Alur cerita dikuasai oleh satu insiden sebagai topik utama, serta memiliki efek atau meninggalkan kesan tertentu dalam pikiran pembaca.
Berisi detail-detail yang dipilih dengan sengaja oleh pengarang, dan dapat menimbulkan pertanyaan-pertanyaan dalam pikiran pembaca.
Secara fisik; jumlah kata yang terdapat dalam cerita pendek biasanya di bawah 10.000 kata, tidak boleh lebih dari 10.000 kata (kira-kira 33 halaman kuarto spasi rangkap). (Tarigan, 1984: 177-178).
Lalu bagaimana dengan Cerita Pendek Indonesia Kontemporer? Secara bentuk fisik, cerita pendek jenis kontemporer ini tidaklah berbeda dari cerita pendek pada umumnya. Tetapi dalam masalah isi cerita, dengan menilik adanya kata kontemporer (contemporery) yang dalam The Contemporery English-Indonesian Dictionary berarti; 1) sewaktu, sezaman, semasa; 2) masa kini, kontemporer; 3) modern; (Peter Salim, 1991: 398), maka bisa dipastikan akan ada perbedaan yang signifikan dengan cerpen pada umumnya.
Cerita pendek kontemporer mulai berkembang pada sekitar tahun 1970-an, bersamaan dengan menggemanya gaung Sastra Indonesia Kontemporer.

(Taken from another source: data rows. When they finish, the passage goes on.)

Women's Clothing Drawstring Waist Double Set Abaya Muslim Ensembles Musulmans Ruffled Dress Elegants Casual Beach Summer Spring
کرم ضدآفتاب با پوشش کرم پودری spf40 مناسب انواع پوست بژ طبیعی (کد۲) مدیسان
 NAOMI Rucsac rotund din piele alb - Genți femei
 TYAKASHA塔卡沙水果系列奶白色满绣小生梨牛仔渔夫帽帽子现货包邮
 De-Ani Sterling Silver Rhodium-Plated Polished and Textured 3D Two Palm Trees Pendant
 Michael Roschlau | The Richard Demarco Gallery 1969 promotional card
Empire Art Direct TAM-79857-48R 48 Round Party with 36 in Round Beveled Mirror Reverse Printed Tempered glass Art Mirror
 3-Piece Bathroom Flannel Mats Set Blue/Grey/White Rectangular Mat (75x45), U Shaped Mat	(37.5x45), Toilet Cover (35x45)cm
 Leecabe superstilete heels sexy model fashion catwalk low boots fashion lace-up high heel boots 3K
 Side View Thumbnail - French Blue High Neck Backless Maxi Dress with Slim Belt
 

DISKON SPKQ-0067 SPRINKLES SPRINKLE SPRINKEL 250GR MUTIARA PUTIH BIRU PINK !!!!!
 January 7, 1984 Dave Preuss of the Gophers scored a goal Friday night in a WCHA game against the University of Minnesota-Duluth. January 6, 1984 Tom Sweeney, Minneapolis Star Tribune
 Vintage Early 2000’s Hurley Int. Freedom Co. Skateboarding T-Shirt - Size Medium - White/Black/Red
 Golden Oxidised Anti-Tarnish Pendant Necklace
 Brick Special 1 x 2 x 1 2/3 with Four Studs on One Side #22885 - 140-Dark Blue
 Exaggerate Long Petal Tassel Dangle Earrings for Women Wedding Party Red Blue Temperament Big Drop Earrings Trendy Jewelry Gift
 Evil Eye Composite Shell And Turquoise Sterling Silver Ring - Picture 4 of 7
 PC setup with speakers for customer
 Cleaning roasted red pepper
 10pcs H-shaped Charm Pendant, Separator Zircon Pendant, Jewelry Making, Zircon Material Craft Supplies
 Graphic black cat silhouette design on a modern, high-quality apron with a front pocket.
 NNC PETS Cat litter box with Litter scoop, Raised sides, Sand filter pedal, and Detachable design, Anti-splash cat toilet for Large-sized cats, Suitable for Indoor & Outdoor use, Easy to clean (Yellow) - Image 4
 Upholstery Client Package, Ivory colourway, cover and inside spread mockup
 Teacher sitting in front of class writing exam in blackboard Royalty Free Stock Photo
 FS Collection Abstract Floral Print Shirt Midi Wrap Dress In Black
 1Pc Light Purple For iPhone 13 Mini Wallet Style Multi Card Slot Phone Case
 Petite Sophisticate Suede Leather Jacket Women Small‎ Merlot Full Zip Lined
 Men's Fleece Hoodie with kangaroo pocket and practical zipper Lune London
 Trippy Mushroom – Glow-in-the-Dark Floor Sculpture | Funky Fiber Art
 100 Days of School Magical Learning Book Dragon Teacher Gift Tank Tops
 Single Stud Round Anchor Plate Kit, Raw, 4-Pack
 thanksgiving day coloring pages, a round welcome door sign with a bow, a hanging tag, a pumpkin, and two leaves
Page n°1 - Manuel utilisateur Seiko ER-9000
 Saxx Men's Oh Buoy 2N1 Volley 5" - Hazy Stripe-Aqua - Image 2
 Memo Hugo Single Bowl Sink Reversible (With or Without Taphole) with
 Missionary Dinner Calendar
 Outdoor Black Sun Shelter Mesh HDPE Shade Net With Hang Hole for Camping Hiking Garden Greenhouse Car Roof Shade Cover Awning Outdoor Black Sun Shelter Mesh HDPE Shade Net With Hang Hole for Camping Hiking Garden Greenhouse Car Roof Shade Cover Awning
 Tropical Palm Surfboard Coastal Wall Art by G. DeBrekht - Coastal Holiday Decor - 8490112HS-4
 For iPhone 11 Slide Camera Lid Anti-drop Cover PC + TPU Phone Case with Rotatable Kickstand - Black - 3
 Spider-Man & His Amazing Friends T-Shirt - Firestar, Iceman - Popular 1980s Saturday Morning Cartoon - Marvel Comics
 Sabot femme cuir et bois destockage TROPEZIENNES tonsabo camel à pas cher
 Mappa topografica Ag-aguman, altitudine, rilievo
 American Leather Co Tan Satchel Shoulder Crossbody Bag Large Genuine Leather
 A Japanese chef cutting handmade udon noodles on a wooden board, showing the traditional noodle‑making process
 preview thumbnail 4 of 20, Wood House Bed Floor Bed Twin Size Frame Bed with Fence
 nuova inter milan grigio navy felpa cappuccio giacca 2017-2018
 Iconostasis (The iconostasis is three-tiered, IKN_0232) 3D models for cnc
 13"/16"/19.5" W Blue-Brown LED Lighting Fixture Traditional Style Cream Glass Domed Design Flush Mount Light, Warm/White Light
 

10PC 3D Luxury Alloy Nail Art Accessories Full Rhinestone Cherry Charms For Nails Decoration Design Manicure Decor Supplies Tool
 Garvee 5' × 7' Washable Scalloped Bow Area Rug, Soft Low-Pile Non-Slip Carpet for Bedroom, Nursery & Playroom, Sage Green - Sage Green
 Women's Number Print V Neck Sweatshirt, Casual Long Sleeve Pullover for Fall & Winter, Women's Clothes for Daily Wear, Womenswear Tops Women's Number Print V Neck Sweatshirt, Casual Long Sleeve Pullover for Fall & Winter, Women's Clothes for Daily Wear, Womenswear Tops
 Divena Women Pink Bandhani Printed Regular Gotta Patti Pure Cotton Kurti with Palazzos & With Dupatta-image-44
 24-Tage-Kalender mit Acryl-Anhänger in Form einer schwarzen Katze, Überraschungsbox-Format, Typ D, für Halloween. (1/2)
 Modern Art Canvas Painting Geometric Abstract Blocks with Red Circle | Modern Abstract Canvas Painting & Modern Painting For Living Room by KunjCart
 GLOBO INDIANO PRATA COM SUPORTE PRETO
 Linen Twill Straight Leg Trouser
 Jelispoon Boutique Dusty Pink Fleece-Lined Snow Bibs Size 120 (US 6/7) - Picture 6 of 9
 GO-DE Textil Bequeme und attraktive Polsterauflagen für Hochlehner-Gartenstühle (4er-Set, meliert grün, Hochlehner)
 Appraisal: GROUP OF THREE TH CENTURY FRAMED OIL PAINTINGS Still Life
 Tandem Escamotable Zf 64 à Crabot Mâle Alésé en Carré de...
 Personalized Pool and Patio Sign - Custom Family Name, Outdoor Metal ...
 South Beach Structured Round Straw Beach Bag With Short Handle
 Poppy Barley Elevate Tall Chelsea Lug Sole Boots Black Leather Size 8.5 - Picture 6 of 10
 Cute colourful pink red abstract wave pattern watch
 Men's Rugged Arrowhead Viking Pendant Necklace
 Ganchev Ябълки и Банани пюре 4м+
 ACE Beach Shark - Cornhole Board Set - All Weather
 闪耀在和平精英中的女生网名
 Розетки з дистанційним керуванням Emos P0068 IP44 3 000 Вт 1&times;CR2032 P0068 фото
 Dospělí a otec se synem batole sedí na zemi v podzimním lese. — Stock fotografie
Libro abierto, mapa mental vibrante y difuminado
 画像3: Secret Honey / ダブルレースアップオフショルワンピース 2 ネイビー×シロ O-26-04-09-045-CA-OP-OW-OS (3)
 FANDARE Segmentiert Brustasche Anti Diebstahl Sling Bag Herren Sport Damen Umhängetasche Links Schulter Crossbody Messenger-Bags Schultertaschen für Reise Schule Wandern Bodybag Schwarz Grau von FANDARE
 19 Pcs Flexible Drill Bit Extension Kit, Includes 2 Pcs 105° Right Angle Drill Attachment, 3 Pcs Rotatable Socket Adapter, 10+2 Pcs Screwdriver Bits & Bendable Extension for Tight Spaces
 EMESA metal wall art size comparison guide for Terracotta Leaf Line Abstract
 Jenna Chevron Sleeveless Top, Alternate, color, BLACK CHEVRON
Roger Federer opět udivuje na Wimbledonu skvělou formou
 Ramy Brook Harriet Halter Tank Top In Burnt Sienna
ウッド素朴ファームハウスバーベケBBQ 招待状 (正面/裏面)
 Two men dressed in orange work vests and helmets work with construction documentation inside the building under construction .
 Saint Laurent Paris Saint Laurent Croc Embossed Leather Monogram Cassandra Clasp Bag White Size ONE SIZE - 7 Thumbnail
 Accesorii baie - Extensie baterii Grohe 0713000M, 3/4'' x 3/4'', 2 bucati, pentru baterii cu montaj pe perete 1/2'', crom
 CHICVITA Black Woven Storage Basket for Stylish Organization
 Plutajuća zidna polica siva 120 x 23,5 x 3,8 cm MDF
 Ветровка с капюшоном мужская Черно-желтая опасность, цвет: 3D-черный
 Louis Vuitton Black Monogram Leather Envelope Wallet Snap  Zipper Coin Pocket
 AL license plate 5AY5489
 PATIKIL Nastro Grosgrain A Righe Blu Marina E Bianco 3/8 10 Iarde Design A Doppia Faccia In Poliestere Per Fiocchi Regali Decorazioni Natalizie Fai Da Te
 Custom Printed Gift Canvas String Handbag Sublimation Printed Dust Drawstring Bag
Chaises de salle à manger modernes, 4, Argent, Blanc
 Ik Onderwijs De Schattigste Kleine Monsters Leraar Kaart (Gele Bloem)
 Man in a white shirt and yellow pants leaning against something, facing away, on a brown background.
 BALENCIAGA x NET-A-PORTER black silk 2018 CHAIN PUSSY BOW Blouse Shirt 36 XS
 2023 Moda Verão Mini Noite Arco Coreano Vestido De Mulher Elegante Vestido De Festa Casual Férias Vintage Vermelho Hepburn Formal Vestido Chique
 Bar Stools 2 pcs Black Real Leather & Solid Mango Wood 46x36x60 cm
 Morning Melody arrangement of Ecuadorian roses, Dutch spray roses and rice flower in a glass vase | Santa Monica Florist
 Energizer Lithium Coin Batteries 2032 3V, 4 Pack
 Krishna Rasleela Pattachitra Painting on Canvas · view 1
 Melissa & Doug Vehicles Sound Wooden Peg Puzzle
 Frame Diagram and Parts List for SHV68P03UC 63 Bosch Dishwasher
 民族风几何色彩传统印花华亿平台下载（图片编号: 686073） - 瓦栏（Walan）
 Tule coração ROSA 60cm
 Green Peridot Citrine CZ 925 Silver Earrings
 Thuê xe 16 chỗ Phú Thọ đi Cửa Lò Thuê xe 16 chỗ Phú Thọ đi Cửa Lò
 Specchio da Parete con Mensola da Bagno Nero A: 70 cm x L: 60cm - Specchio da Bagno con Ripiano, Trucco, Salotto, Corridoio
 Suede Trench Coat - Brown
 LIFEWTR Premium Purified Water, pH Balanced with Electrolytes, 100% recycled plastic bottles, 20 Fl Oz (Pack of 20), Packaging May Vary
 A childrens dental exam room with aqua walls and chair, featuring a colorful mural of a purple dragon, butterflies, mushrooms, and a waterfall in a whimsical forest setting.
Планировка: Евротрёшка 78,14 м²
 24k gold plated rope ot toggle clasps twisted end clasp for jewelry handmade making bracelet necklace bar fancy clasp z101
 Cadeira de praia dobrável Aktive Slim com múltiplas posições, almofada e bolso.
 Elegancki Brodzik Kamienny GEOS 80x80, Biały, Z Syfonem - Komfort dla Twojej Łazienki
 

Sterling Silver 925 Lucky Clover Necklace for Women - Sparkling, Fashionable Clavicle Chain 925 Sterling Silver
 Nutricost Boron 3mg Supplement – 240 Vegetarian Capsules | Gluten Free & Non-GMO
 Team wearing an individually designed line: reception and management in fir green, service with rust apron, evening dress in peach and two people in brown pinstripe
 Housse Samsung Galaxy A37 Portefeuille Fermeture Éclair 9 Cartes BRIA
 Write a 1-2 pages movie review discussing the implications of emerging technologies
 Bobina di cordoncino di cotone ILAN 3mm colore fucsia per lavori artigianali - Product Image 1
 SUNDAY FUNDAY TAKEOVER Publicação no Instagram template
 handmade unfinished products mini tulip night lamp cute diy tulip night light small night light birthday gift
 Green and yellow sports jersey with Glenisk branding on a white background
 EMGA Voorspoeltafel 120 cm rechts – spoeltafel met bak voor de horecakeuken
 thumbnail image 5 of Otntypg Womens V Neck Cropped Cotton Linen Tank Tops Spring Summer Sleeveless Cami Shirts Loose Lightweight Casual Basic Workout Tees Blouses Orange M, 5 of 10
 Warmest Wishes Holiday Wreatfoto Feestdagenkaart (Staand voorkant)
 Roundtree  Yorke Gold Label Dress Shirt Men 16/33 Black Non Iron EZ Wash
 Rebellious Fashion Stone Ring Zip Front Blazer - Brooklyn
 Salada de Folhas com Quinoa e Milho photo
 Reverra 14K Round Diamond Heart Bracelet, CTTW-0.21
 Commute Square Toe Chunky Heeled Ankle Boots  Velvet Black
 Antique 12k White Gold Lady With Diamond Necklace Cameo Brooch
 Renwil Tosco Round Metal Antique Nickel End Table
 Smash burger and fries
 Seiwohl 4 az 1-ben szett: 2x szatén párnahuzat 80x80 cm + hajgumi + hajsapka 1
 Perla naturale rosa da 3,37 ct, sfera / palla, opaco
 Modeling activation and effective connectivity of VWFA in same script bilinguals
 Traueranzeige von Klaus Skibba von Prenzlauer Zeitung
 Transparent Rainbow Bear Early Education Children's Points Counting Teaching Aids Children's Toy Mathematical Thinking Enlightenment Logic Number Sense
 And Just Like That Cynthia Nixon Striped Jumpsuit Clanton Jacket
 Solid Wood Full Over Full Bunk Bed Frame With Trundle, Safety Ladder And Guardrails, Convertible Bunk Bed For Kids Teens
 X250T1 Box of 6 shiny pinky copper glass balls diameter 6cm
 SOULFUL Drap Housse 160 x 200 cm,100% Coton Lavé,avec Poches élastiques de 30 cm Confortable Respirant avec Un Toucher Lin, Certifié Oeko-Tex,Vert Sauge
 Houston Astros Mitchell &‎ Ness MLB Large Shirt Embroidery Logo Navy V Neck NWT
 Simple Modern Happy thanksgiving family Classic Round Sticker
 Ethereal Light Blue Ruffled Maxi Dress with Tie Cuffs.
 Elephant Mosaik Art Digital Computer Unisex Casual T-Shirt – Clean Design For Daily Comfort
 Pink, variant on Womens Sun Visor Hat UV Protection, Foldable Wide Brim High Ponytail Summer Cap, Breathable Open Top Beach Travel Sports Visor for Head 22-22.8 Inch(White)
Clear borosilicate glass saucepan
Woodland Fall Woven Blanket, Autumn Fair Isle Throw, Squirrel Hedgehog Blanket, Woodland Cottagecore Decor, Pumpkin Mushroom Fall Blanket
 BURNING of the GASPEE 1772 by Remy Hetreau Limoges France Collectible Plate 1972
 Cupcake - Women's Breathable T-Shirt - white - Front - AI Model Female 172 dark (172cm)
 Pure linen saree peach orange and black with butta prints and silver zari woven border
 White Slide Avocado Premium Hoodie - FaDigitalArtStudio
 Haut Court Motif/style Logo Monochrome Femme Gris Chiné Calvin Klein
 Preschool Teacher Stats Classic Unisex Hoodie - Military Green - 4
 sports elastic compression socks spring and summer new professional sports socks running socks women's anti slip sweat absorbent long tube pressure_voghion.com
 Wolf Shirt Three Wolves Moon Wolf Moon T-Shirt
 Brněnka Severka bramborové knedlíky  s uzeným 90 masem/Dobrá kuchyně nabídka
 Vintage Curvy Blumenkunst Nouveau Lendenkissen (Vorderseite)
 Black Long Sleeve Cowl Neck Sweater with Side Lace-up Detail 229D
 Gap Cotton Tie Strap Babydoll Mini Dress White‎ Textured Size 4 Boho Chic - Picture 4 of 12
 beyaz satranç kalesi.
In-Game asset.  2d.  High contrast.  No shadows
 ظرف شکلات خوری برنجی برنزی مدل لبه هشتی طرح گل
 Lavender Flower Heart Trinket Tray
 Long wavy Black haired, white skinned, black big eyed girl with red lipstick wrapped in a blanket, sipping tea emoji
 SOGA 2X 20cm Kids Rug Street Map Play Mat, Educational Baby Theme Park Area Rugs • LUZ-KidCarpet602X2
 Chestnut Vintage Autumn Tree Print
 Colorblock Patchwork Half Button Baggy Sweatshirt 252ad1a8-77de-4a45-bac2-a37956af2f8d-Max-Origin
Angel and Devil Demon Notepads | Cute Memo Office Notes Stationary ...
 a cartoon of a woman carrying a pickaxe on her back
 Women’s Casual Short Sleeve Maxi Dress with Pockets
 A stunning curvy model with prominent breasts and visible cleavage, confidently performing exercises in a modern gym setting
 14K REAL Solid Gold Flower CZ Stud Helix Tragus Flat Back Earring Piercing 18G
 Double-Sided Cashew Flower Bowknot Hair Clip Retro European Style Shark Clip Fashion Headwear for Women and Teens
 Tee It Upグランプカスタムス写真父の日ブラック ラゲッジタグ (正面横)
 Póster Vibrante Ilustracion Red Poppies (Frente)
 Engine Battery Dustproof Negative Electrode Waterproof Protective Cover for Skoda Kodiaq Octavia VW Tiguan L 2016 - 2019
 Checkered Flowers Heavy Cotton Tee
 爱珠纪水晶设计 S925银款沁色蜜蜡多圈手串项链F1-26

Di mana pada masa itu kreatifitas tanpa batas yang mengiringi langkah berbagai genre sastra, turut juga diusung oleh para cerpenis dengan melakukan beragam inovasi melalui kreatifitas penciptaan cerita pendek. Sehingga dengan sendirinya, tradisi konvensional yang telah menjadi konsep dalam cerita pendek sebelumnya, telah ditinggalkan dan tidak lagi menjadi ciri atau ketetapan.
Definisi sederhana cerita pendek kontemporer–yang juga disebut sebagai cerita pendek masa kini, modern, mutakhir, dan inkonvensional–adalah; cerita pendek yang struktur ceritanya menyimpang atau bahkan bertentangan dengan konvensi yang ada. (Sarwadi, dalam Jabrohim, (Ed), 1994: 166). Sementara untuk cerita pendek Indonesia kontemporer, Rosidi dalam Laut Biru Langit Biru: Bunga Rampai Sastra Indonesia Mutakhir menulis; cerita pendek Indonesia kontemporer adalah cerita-cerita pendek yang mengabaikan alur cerita, logika, bahkan tema dan menghanyutkan diri kepada gaya yang menyebabkan pembaca terpukau untuk membacanya sampai habis–tak peduli apakah kisahnya sendiri masuk akal atau tidak. Batas antara kenyataan dan impian tidak jelas lagi, dan cerita menjadi rentetan imaji yang tempel-menempel–bukan sambung-menyambung–maka kelihatannya semacam mozaik. (1977: 10).
Kesan individualisme, pesimisme, skeptisme, hingga anarkisme, adalah hal-hal yang lumrah dan bahkan identik dengan cerita pendek Indonesia kontemporer. Karena memang perjalanannya berada dalam tataran inovasi dan kreatifitas tanpa batas, baik dari segi tema, pemilihan tokoh, alur cerita, gaya pengucapan, maupun unsur lainnya. Jadi tidak mengherankan jika cerita pendek Indonesia kontemporer kerap menyajikan kisah kehidupan yang pseudo-real, hyper-real, atau asurd. Dengan kata lain, cerita pendek jenis ini adalah hasil proses kreatif seorang pengarang yang bebas-lepas, tanpa ada lagi batasan nilai-nilai tradisi-konvensi. Sebagai contoh karya yang sering disebut sebagai pelopor cerita pendek Indonesia kontemporer adalah cerita-cerita pendek karangan Putu Wijaya dan Umar Kayam.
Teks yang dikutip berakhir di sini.